The PowerShell function requires some parameters:

Remove-AzureTableEntities -SASToken "sv=2019-02-02&se=2022-03-10T13%3A38%3A38Z&sp=raud&sig=vCQ4%2Bg0rt5YGGI8bFGv5tW0o5s2KMl31NuXwIGjJ3vo%3D&tn=test" -StorageUri "https://myTest.table.core.windows.net" -TableName "TEST" -Query "PartitionKey eq 'lookup' and Timestamp ge datetime'2020-03-08T13:49:49.000Z' and Timestamp lt datetime'2021-11-30T13:49:49.000Z'"

StorageUri

StorageUri is the URL of your StorageAccount like https://myTest.table.core.windows.net

TableName

TableName specifies the table you want to use

SASToken

SASToken is used to authenticate on the Storage Account. You can use "Azure Storage Explorer" or the Azure Portal to generate a SAS Token. Make sure you grant delete rights on the Azure Table. Example: "sv=2019-02-02&se=2022-03-10T13%3A38%3A38Z&sp=raud&sig=vCQ4%2Bg0rt5YGGI8bFGv5tW0o5s2KMl31NuXwIGjJ3vo%3D&tn=test"

Query

Query is used to filter your data. Check out https://docs.microsoft.com/en-us/rest/api/storageservices/querying-tables-and-entities for more details.
Example: "PartitionKey eq 'part1' and Timestamp ge datetime'2020-03-08T13:49:49.000Z' and Timestamp lt datetime'2021-11-30T13:49:49.000Z'"

Return value

The PowerShell function returns the number of deleted rows.
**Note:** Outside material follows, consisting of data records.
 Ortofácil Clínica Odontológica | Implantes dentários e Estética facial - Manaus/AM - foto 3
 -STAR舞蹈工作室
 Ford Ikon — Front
Query the existing entities

As first step, we need to get the existing items as we need the PartitionKey and RowKey for every item.
Based on the Documentation, we can use the $filter option to return only entities that matches with this filter.
The script does an HTTP GET request on "$($StorageUri)/$($TableName)()?$SASToken&`$filter=$($Query)"
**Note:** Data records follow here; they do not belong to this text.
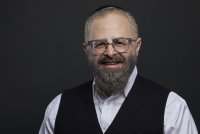 יוסי גרין ו'אידיש נחת' בסינגל חגיגי במיוחד: "אתה בחרתנו"
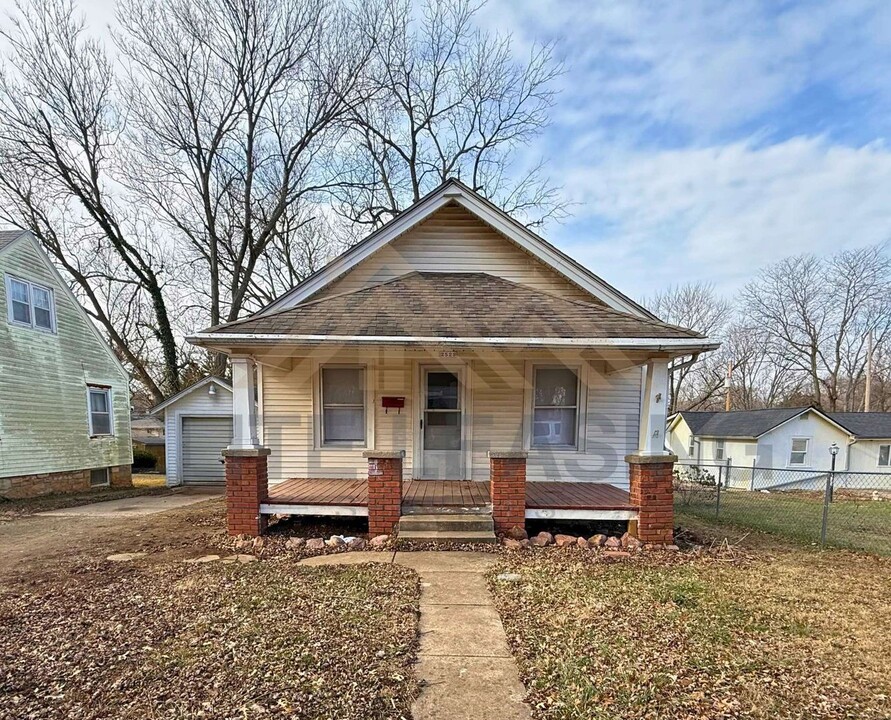 2529 SE Illinois Ave in Topeka, KS - Building Photo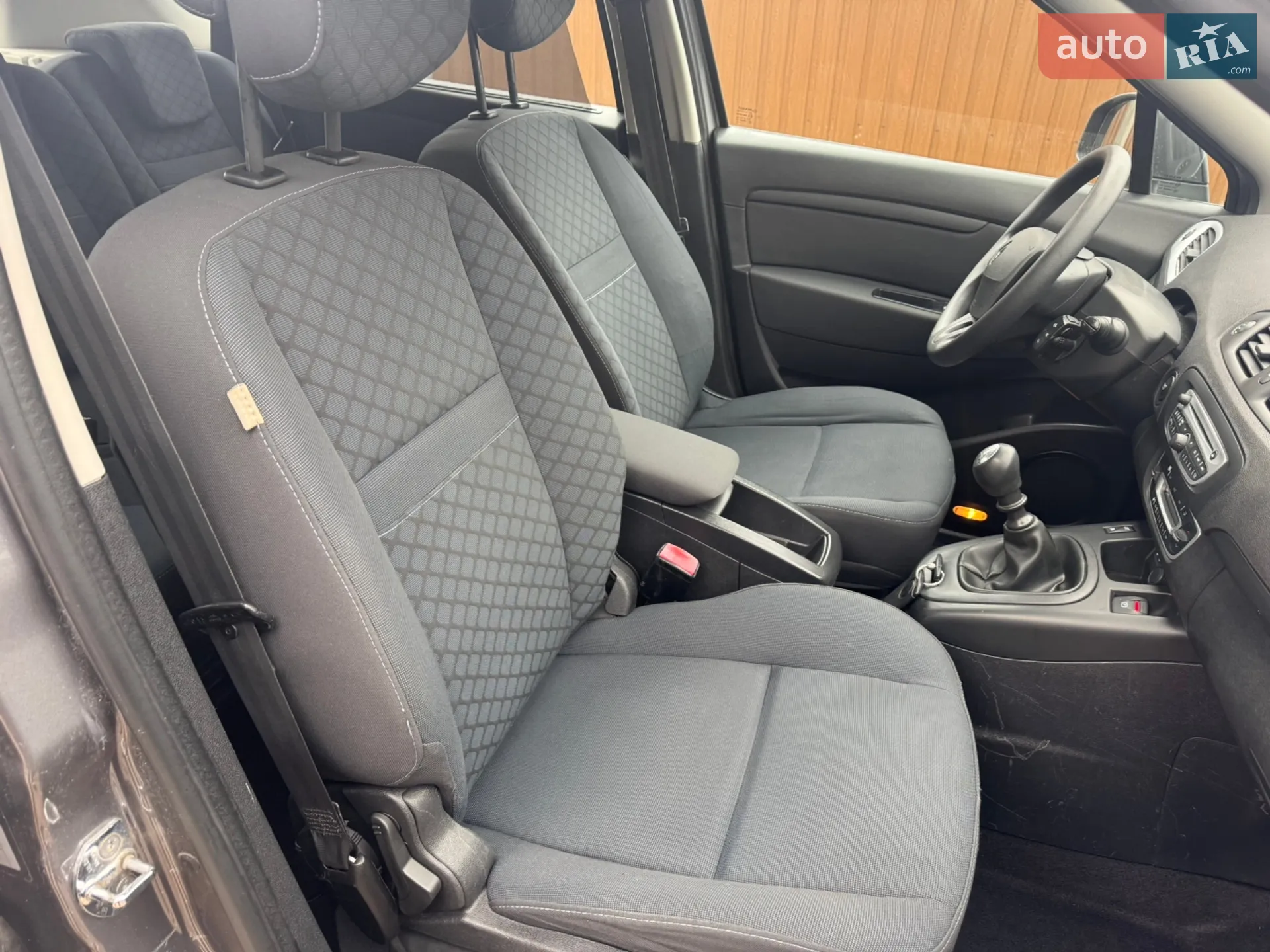 2010 Renault Scenic - мініатюра 42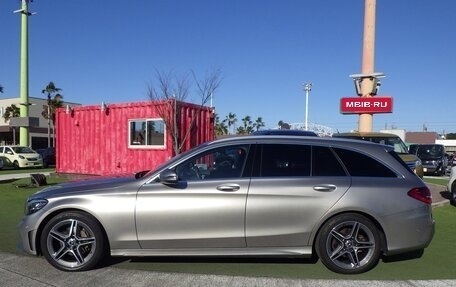 Mercedes-Benz C-Класс, 2019 год, 1 683 000 рублей, 3 фотография
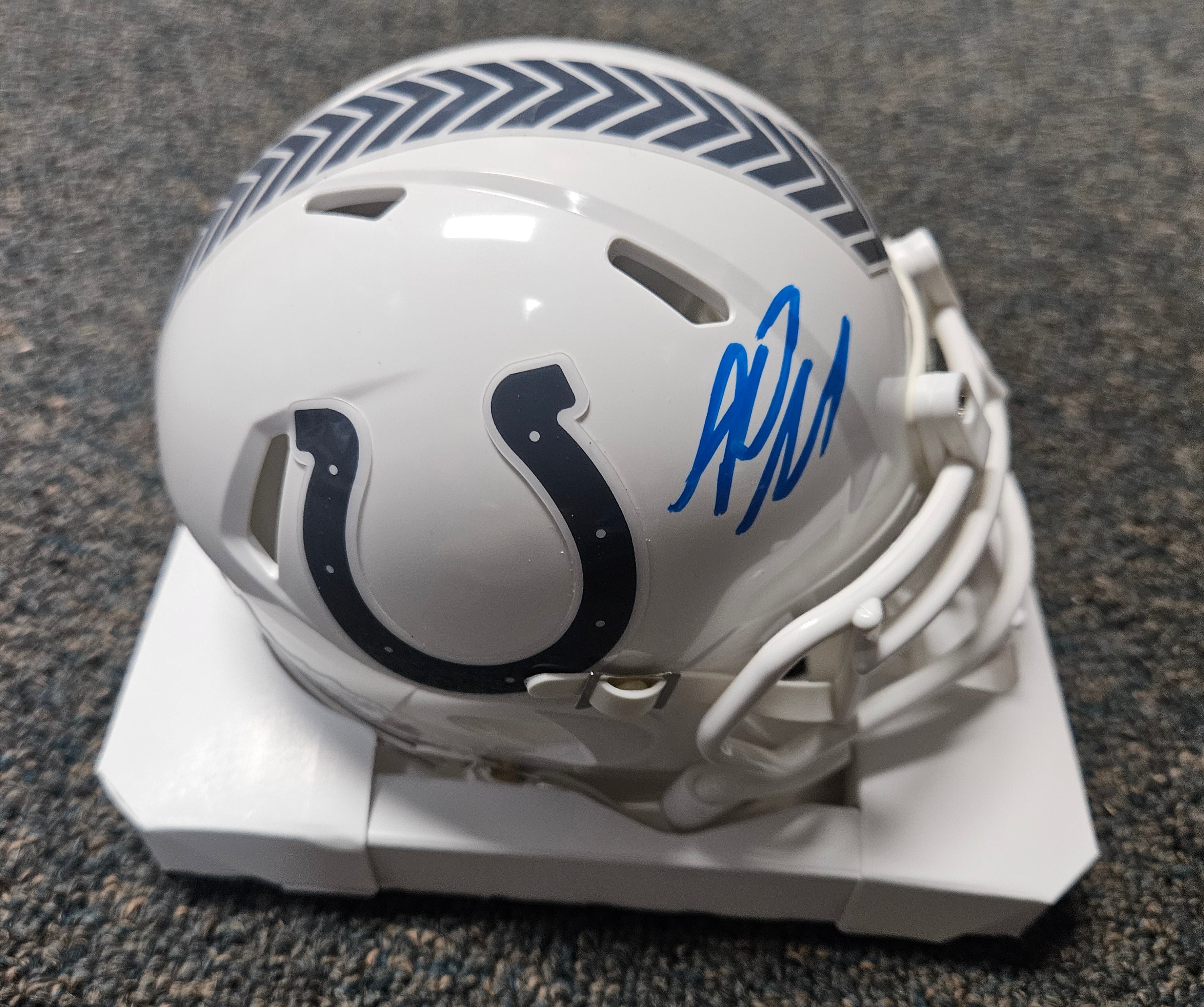 Riley Leonard Signed Indianapolis Colts STS Speed Mini Helmet JSA WITNESS COA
Note: To prevent PowerShell to interpret $filter as a PowerShell variable, you have to escape the dollar sign like `$filter

You have to be aware, that you only get the first 1000 Rows...

Pagination

If your filter affects more than 1000 rows, the HTTP GET request returns a Request-Header with the next PartitionKey and RowKey (x-ms-continuation-NextPartitionKey and x-ms-continuation-NextRowKey).
To get the next 1000 rows, you have to call an HTTP GET request including the NextPartitionKey and NextRowKey:"$($StorageUri)/$($TableName)()?$SASToken&`$filter=$($Query)&NextPartitionKey=$($nextPartkey)&NextRowKey=$($nextRowKey)"

Deleting entities

To delete an entity on an Azure storage table, you have to call an HTTP DELETE request including the PartitionKey and RowKey of the entity to delete.
You will realize that the performance is not very good if you have to delete thousands of entities. That's because Azure table storage has some performance restrictions.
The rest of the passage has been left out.